A brief perusal of the SIO meeting program reveals a few tidbits, in no particular order, some with and some without my comment:
- Gillian Flower; Kieran Cooley; Dugald Seely. Adjunctive cancer care at the Canadian College of Naturopathic Medicine: A prospective, longitudinal, observational cohort study. One notes that “naturopathic oncology” includes homeopathy and a variety of other forms of quackery. Too bad the abstract is not online. In any case, one notes that the lead author Gillian Flower offers acupuncture, high dose intravenous vitamin therapy, acupuncture, and bogus “electrodermal testing” in her practice.
- Garrett Sullivan; Qi Chen; Ping Chen; Julia Chapman; Mark Levine; Jeanne Drisko. Prospective randomized phase I/IIa pilot trial to assess safety and benefit administering high-dose intravenous ascorbate in combination with chemotherapy in newly diagnosed advanced stage III or Stage IV ovarian cancer. That’s high dose intravenous vitamin C, people.

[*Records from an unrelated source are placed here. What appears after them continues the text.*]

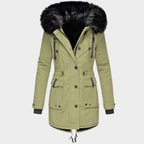 Delaney | Women's Hooded Parka Coat, Full-Length Winter Coat | Animated Apparel | Green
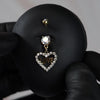 14 Gauge Dangling Love Heart Belly Button Bar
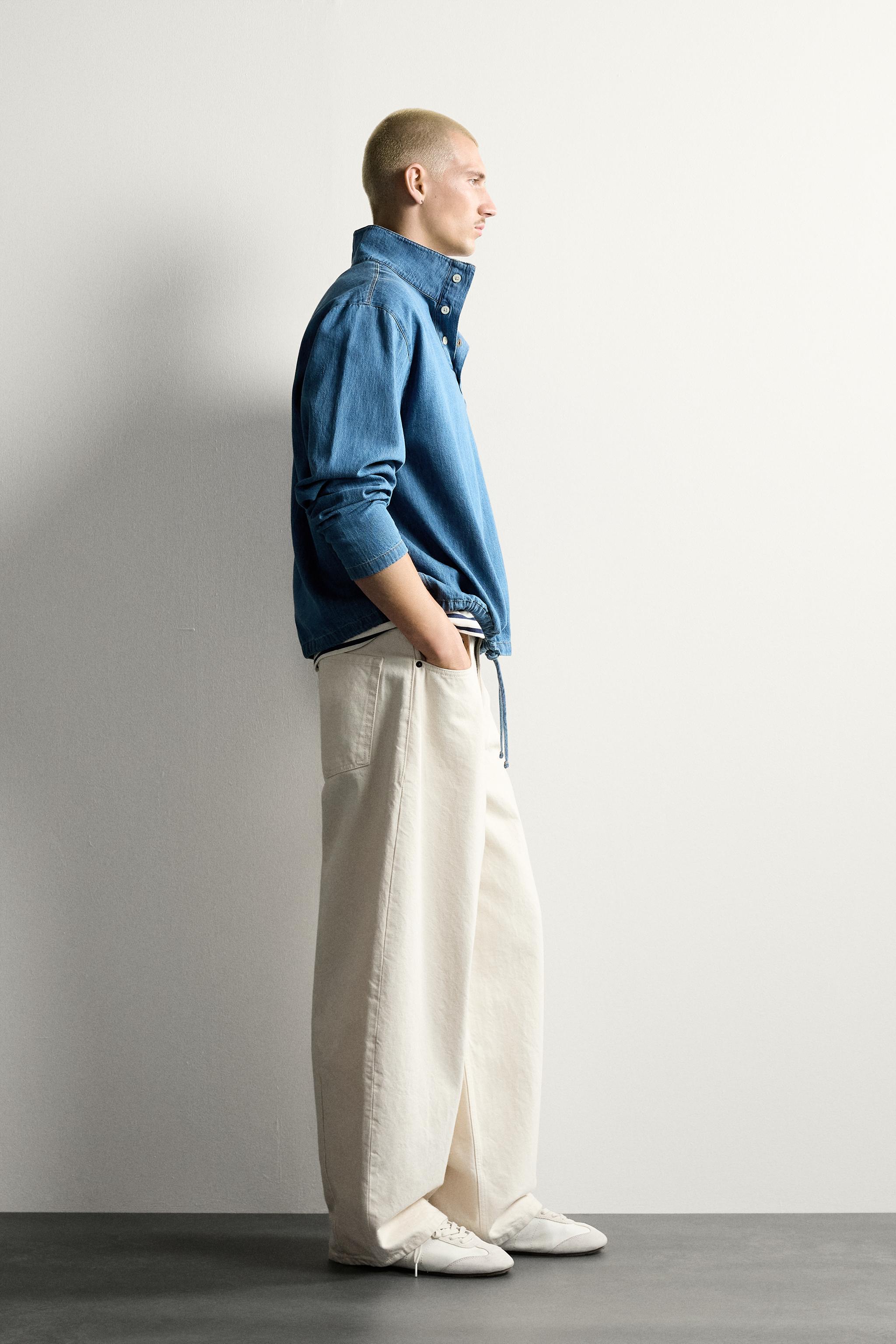 WASHED LIGHTWEIGHT DENIM POLO SHIRT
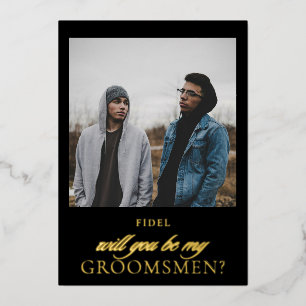 Modern Black Gold Script Photo Groomsmen Proposal 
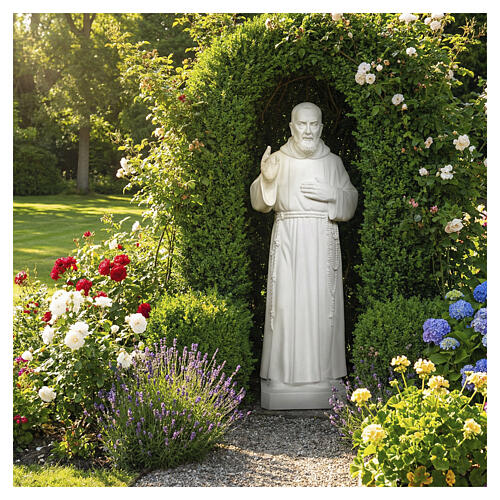 San Padre Pio 110cm polvo de mármol blanco 3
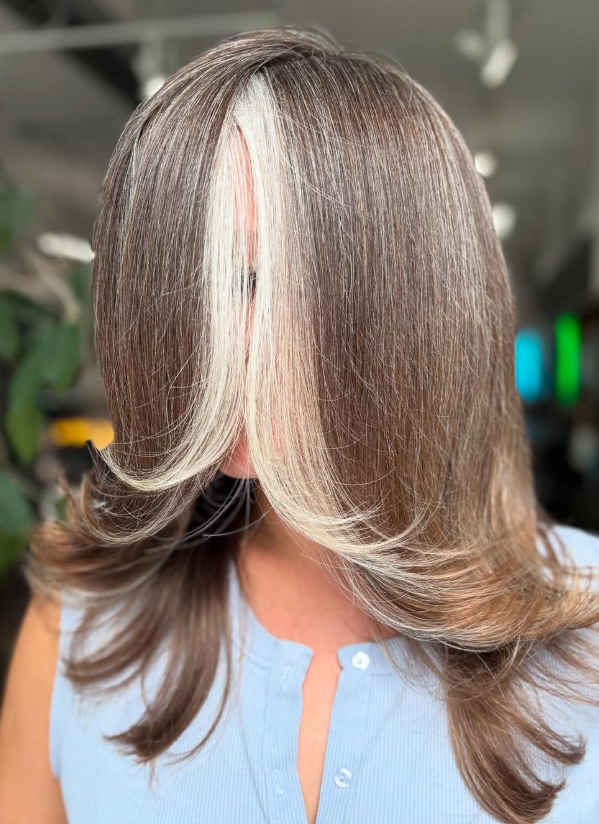 Dimensional brunette with a bright face frame, color by Christina at Good Beauty Chicago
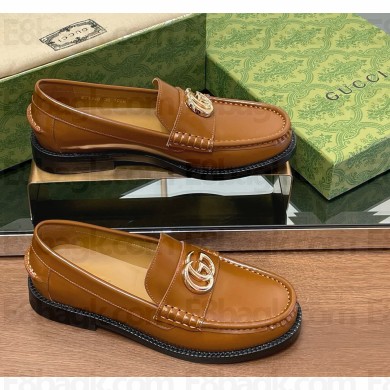 Gucci Women's Double G loafer 816333 brown leather 1125-2024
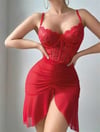 Arias Closet Özel Tasarım Fırfırlı Dantel İşlemeli Tül Fantezi Kırmızı Gecelik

- Lucille Marchand, Diana Wilkie, Jun Mao, Kimberly Fleisher (Discussant: William Collinge). Moderated panel 6. Massage and Energy Therapy Research.
- Alejandro Chaoul; Kelly Bieger; Tenzin Rinpoche; Amy Spelman; Christina Meyers; Deborah Fry; Ideen Zeinali; Banu Arun; Janna Taylor. Tibetan Sound Meditation Improves Cognitive Dysfunction, Mental Health, and Spirituality in Women with Breast Cancer.
- Barrie Cassileth; Amy Matecki; K. Simon Yeung; Carmencita Mercado-Poe; Marci Coleton; Lisa Bailey; James Lozada; Martha Tracy; Gary Cecchi. Safety of Acupuncture for Upper Extremity Lymphedema in Breast Cancer Patients: Lessons from two major Medical Centers. Define “safety.” As a surgeon who sees a fair number of patients with lymphedema due to breast cancer surgery, the thought of sticking needles into the lymphedematous limb causes me to shudder, given how prone limbs with lymphedema are to infection and how–shall we say?–unconcerned about sterile technique most acupuncturists are. (Just ask Mark Crislip if you don’t believe me.)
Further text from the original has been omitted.